▶ **WORK TO BE COMPLETED**: Go through the listing below and show each line that has the word "steel".
++++++++++++++++++++
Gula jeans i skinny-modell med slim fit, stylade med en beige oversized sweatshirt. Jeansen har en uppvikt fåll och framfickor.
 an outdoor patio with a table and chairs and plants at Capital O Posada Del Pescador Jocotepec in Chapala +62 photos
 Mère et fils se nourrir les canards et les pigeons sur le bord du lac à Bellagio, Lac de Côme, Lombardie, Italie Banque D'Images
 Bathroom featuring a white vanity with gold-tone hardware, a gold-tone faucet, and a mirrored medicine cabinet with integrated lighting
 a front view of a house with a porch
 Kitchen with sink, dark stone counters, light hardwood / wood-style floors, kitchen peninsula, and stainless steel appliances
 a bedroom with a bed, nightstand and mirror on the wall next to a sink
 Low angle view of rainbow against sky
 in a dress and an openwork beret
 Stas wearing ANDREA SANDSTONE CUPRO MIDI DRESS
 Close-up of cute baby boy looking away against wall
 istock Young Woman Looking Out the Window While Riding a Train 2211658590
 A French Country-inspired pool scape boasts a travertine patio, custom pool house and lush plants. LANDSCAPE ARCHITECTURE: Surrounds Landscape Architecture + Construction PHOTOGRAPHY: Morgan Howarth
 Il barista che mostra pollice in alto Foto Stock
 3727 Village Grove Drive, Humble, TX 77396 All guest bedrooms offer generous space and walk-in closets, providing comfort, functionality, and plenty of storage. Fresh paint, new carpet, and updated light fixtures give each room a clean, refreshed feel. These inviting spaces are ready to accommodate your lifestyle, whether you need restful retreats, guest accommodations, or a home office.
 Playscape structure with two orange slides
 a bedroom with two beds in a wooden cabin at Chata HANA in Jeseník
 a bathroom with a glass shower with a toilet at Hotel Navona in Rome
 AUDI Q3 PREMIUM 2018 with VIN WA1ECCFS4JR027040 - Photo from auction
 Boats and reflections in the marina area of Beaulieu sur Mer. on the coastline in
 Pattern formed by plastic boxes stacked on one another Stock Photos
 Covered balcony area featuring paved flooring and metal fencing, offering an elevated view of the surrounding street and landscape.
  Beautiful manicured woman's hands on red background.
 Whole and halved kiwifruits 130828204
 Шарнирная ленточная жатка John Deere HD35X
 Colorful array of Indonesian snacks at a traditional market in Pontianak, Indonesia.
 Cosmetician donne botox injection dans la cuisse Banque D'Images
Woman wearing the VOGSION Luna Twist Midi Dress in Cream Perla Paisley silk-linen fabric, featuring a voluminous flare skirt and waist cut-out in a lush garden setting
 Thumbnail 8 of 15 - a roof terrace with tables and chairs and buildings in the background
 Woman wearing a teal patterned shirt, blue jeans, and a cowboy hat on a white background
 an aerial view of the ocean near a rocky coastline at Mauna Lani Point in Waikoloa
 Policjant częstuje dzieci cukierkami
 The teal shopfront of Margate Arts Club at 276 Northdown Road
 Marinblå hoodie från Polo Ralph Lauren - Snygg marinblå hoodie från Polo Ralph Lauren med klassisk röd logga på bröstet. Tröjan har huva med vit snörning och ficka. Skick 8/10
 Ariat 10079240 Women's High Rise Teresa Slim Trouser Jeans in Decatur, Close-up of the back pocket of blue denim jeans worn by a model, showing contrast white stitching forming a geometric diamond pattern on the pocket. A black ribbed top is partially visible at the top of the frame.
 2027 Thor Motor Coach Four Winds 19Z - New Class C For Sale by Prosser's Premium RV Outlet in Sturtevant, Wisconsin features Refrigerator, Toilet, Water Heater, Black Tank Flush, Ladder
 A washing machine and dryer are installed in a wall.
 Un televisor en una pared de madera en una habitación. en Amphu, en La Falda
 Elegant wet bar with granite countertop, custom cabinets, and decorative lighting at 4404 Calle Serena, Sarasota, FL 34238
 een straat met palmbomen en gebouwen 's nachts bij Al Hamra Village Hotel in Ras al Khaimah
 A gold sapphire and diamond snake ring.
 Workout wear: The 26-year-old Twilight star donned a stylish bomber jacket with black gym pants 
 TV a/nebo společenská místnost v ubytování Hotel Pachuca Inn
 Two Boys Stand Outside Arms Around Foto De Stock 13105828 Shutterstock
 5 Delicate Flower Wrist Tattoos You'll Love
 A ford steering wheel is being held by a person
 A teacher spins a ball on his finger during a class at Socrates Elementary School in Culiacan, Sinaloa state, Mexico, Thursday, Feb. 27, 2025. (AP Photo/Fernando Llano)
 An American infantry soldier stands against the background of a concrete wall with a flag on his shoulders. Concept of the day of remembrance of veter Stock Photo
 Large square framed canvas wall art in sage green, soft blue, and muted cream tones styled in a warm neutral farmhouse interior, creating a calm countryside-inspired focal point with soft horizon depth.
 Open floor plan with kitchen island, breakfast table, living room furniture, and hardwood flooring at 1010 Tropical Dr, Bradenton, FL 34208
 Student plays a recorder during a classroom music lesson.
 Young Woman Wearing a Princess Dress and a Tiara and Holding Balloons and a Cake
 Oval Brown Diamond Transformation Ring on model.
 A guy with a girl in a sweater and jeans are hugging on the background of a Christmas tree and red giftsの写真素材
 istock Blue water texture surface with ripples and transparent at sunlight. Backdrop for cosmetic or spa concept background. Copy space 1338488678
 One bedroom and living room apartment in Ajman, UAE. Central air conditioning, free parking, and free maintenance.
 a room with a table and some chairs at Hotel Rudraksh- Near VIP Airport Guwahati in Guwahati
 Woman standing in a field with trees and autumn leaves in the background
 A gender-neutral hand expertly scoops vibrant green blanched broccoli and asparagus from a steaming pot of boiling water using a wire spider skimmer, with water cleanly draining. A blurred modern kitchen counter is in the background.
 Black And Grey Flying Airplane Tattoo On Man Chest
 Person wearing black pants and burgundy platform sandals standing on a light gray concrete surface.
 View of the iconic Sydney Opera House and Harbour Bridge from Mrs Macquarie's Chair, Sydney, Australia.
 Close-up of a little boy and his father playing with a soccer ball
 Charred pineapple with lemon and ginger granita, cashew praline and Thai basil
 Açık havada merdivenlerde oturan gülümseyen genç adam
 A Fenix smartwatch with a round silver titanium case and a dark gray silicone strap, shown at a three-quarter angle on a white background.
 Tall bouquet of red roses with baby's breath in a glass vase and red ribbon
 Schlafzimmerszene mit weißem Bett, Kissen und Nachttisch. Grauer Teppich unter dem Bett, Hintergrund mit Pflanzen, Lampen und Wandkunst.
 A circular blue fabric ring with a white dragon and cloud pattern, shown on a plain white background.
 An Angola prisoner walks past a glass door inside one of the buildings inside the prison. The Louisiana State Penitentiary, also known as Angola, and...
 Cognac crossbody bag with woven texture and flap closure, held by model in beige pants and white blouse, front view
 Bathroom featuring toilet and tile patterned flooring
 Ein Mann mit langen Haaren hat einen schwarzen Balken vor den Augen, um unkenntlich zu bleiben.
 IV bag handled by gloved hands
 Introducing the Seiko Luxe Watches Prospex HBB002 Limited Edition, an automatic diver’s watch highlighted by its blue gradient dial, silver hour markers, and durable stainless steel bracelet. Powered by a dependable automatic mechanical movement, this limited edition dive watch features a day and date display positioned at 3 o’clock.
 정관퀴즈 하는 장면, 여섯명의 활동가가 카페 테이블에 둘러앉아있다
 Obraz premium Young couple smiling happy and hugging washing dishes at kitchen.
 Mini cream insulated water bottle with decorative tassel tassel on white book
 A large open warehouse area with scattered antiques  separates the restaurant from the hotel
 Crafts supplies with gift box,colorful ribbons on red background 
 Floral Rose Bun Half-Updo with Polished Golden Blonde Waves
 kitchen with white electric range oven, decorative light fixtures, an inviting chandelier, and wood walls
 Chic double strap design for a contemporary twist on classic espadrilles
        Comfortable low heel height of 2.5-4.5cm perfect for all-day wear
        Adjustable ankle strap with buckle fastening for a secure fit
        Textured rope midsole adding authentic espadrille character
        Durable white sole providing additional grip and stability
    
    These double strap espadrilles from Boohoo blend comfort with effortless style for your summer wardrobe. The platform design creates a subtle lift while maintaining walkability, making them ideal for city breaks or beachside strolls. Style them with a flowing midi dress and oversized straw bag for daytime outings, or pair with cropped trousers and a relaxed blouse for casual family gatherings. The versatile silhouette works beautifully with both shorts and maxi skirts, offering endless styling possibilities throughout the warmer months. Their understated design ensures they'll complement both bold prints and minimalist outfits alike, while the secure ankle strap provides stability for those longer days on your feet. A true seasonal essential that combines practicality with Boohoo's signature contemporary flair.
++++++++++++++++++++
▶ **RESULT FOR THIS TASK**:
 Kitchen with sink, dark stone counters, light hardwood / wood-style floors, kitchen peninsula, and stainless steel appliances
 Introducing the Seiko Luxe Watches Prospex HBB002 Limited Edition, an automatic diver’s watch highlighted by its blue gradient dial, silver hour markers, and durable stainless steel bracelet. Powered by a dependable automatic mechanical movement, this limited edition dive watch features a day and date display positioned at 3 o’clock.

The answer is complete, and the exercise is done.